Он понимающе кивнул головой. Чем больше я смотрел на него, тем больше понимал, что Сербия относится к Европе, но стоило мне отвернутся от Павича, как все преображалось, и в глазах начинал прыгать балканский фантом Кустурицы. Скажу даже больше: здесь Кустурица отдыхает.

Белград обшарпан. Он обшарпан во всех мыслимых и немыслимых местах. На обшарпанных заборах написаны ругательства, которые поймет каждый русский, даже если он и не знает о существовании сербского языка. Обшарпаны такси с дверями, которые открываются и закрываются совершенно по-русски. Обшарпаны куртки и зонтики.

— Ты где купила эти клетчатые штаны? — с живым интересом спросил мой сопровождающий мою другую переводчицу.

— Мне знакомая прислала из Германии.

Как это близко. У нас так вчера или, может быть, завтра, у них — сегодня.

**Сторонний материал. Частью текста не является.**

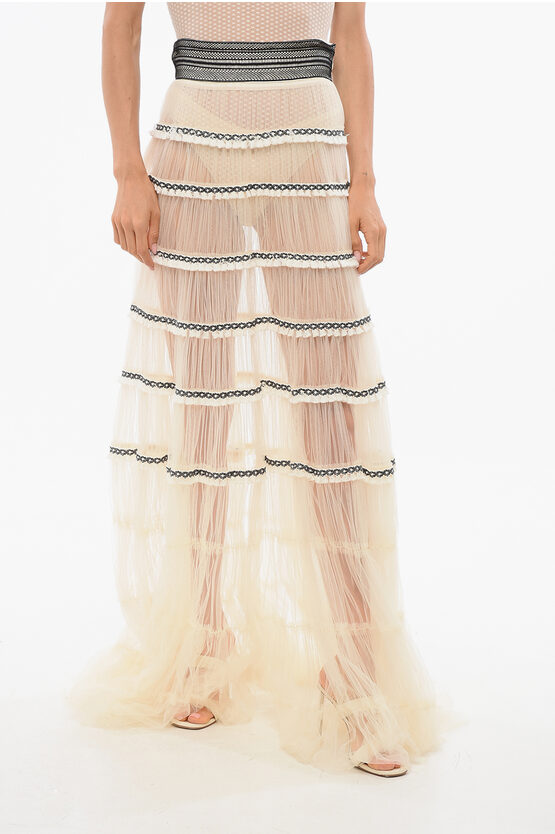 Elisabetta Franchi Flounced Tulle Gipsy Skirt In Animal Print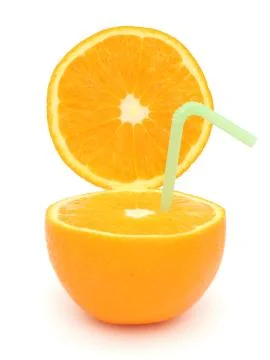 Half orange and straw Foto stock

В гостиницах, представляющих собой руины социалистической «веселенькой» архитектуры, обшарпаны кровати, матрацы, лампы, коридоры, завтраки, полы и вечно курящие вонючие сигареты служащие. Тот самый Белград, который вставал в воображении советской либеральной интеллигенции свободным городом, похож на куклу с оторванной головой. Все началось еще в Шереметьеве, когда я увидел очередь в югославский самолет. Это были мешочники, как у Бабеля. В самолете все сидели на тюках. Колени держали на уровне зубов. Как только самолет приземлился, все вскочили и стали вытаскивать с полок пакеты и сумки, перевязанные веревками. Есть только две страны в мире, где стюардессам не удается победить этот «посадочный» вещевой бунт пассажиров — мы и они, родные души. Если Чечня от нас уйдет, ничего, позовем Сербию к себе в состав. По крайней мере, они нас любят.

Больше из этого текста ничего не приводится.